Most importantly, Khan does his own community a tremendous disservice by harping on a hatred that in fact, looking at Muslim participation in our society, in our universities, in our professions and in our media, does not in fact exist.   Those who are educated professionals should be leaders in rejecting the use of the term “Islamophobia” and encouraging his Muslim co-religionists to reject the ideology of Islamism, which has brought so much violence around the world.   It is Islamism, not tolerant Canadians, that has created the stain against Islam and pretending otherwise is not a basis for a better Canada.
Finally, it is downright offensive for Khan to conclude by stating, “Never again.  For all.”  “Never again” of course is the Jewish slogan that “never again” will the Jews permit a Holocaust against 6 million Jewish men, women and children, and that Jews must remain strong and vigilant in the Jewish homeland, Israel.   To equate whatever prejudice or even hatred that Muslims experience in Canada with the death of six million is questionable moral equivalency which I find most offensive.

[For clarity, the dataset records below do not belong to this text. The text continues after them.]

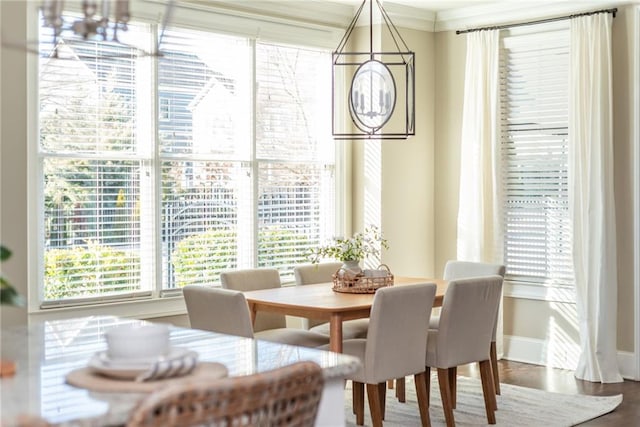 dining room featuring crown molding and wood-type flooring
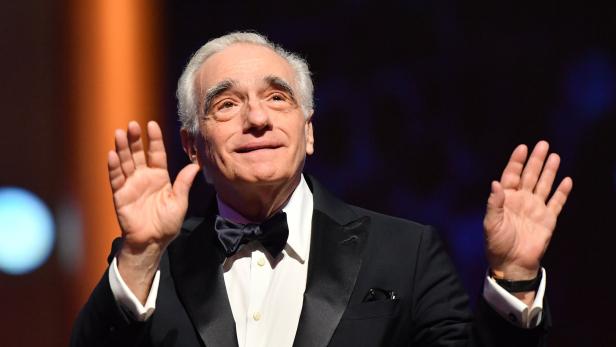 Martin Scorsese in einem Smoking mit Fliege hebt die Hände.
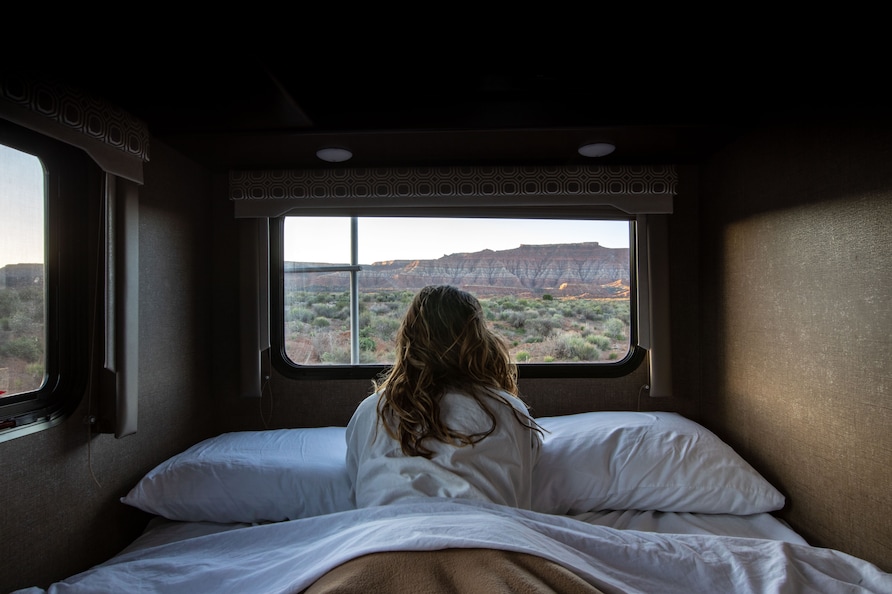 Woman looking out El Monte RV Window into desert.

It is time for our opinion leaders to leave behind misleading words like Islamophobia, and explore more deeply the difference between Islam and Islamism, and make such distinction the basis of who to welcome to Canada and who to protect from prejudice in Canada.  Muslims themselves will have to determine whether tolerance of Islamists in their midst will have negative consequences for their larger community.   Hopefully, the next article we read from a Muslim spokesman in Canada will eschew blame against all Canadians and instead make demands of those illiberal Islamists whose goal is not friendly participation in our tolerant society but an attempt to force submission of a liberal nation to illiberal acts and values.
Howard Rotberg is President of Mantua Books Ltd. (www.mantuabooks.com) which is Canada’s sole conservative publishing house.  He is the author of four books in the area of political culture, values and ideologies, including Tolerism:  The Ideology Revealed  and its sequel, The Ideological Path to Submission … and what we can do about it.